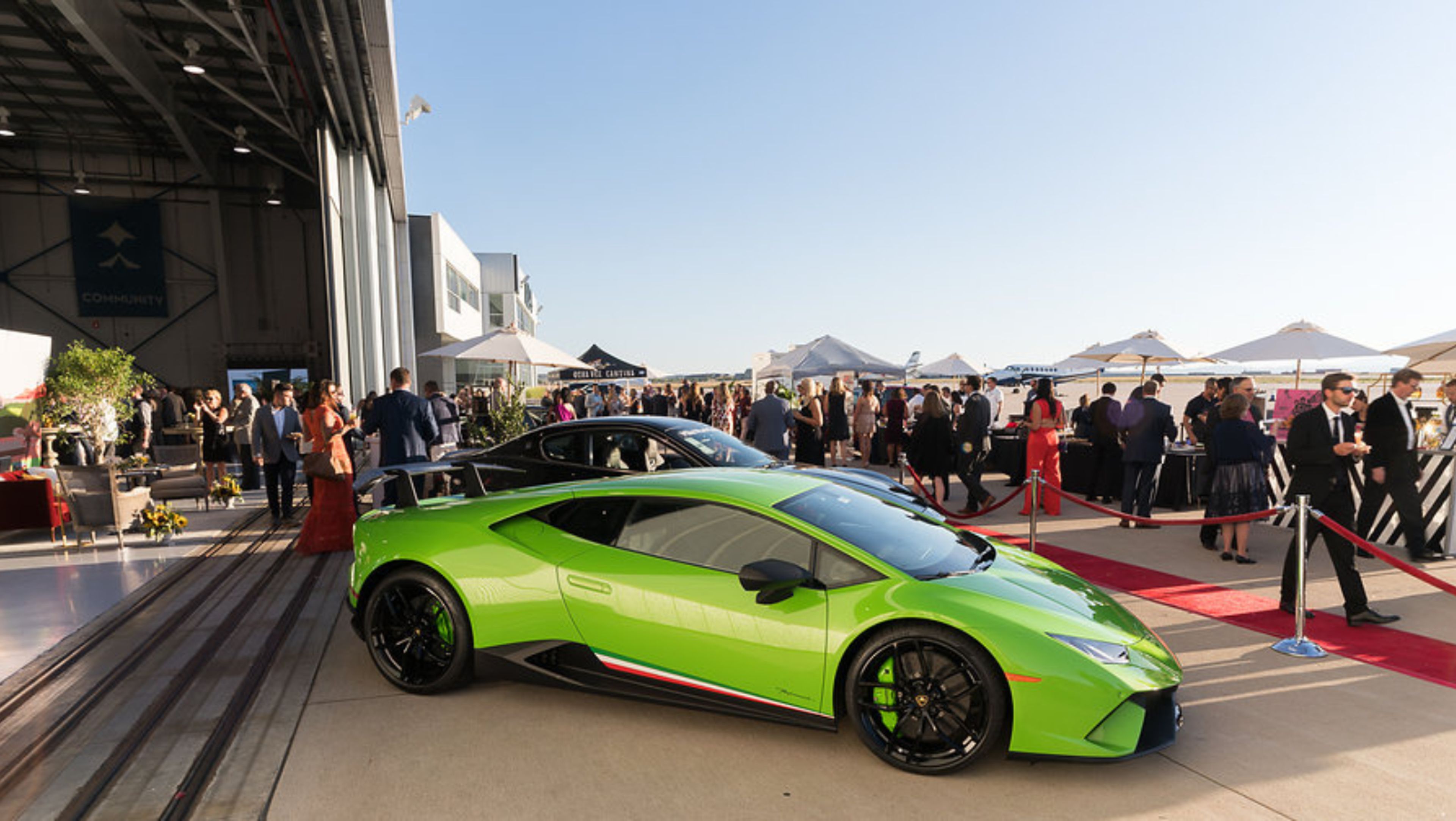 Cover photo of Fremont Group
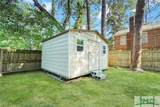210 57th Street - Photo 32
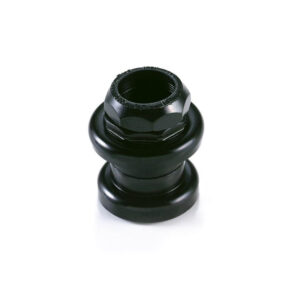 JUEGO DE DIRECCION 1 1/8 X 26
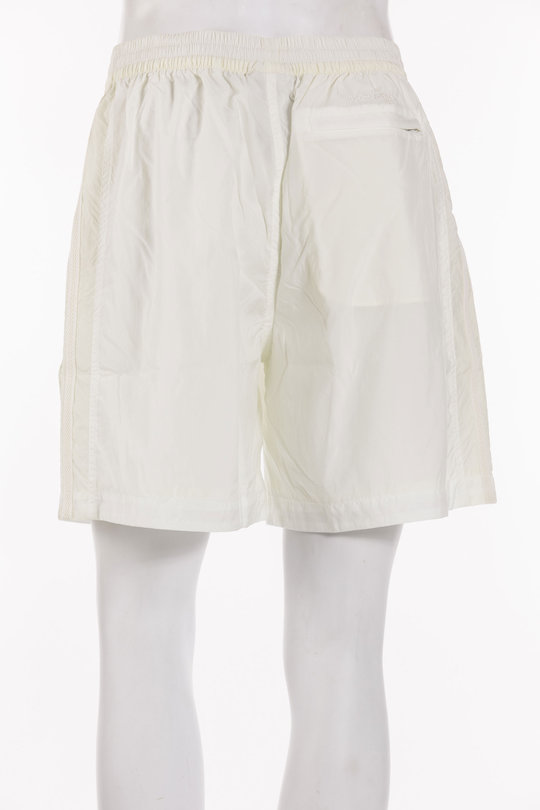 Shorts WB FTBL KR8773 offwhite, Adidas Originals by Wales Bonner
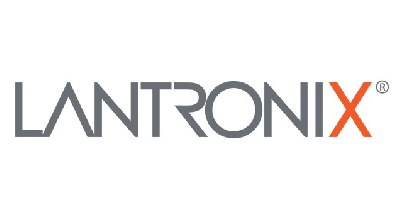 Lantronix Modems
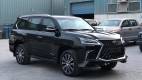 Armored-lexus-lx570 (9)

============

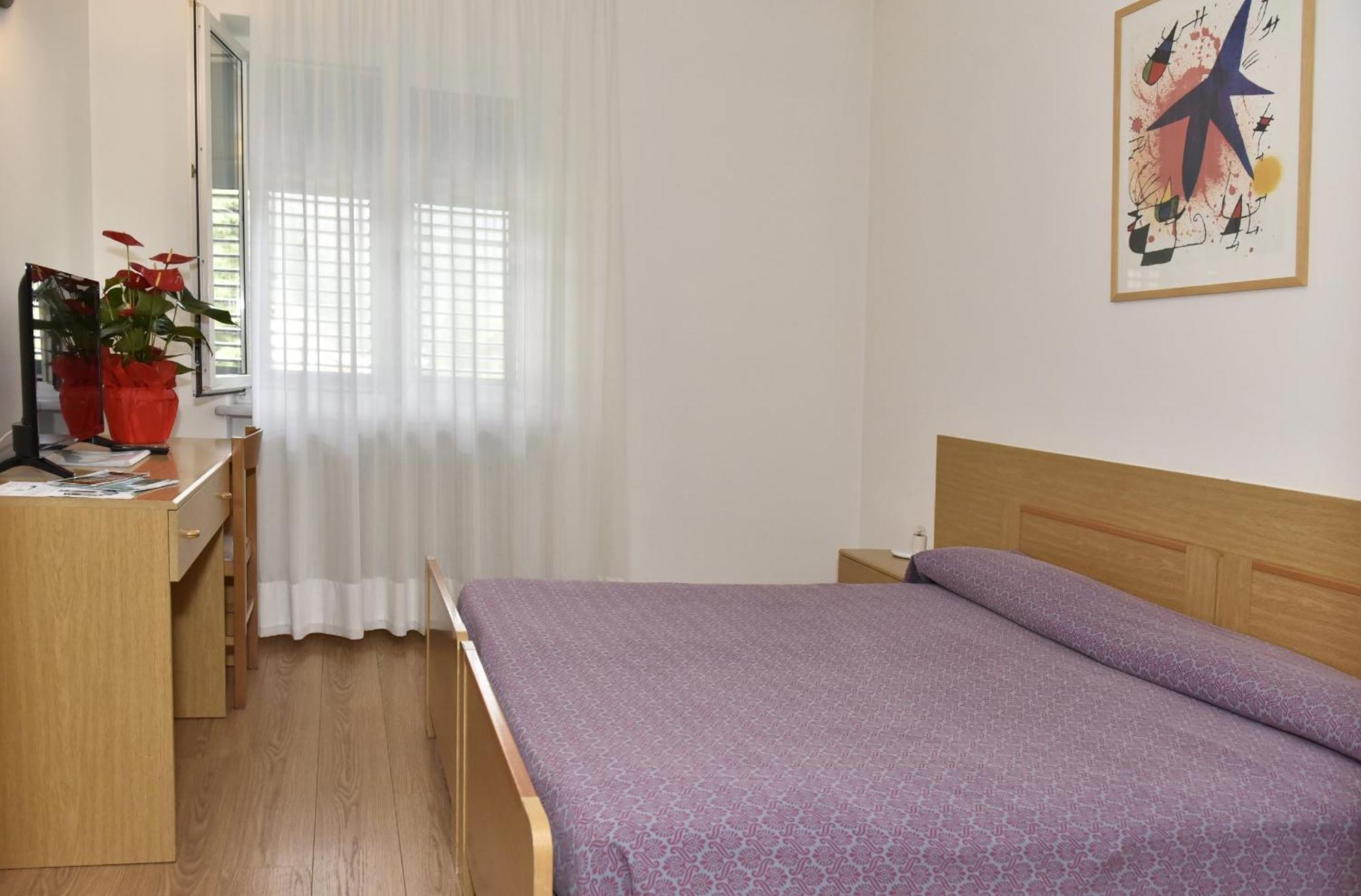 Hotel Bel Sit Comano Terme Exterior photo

============

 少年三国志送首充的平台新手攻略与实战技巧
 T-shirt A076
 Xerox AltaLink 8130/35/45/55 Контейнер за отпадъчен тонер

============

▶ _Directions for this task_
Beginning with the line above that contains "Cover photo of Fremont Group" and ending with the line that contains "Armored-lexus-lx570 (9)", quote each line exactly, keeping out the pictures.

▶ _Final answer_
 Cover photo of Fremont Group
210 57th Street - Photo 32
 JUEGO DE DIRECCION 1 1/8 X 26
 Shorts WB FTBL KR8773 offwhite, Adidas Originals by Wales Bonner
 Lantronix Modems
 Armored-lexus-lx570 (9)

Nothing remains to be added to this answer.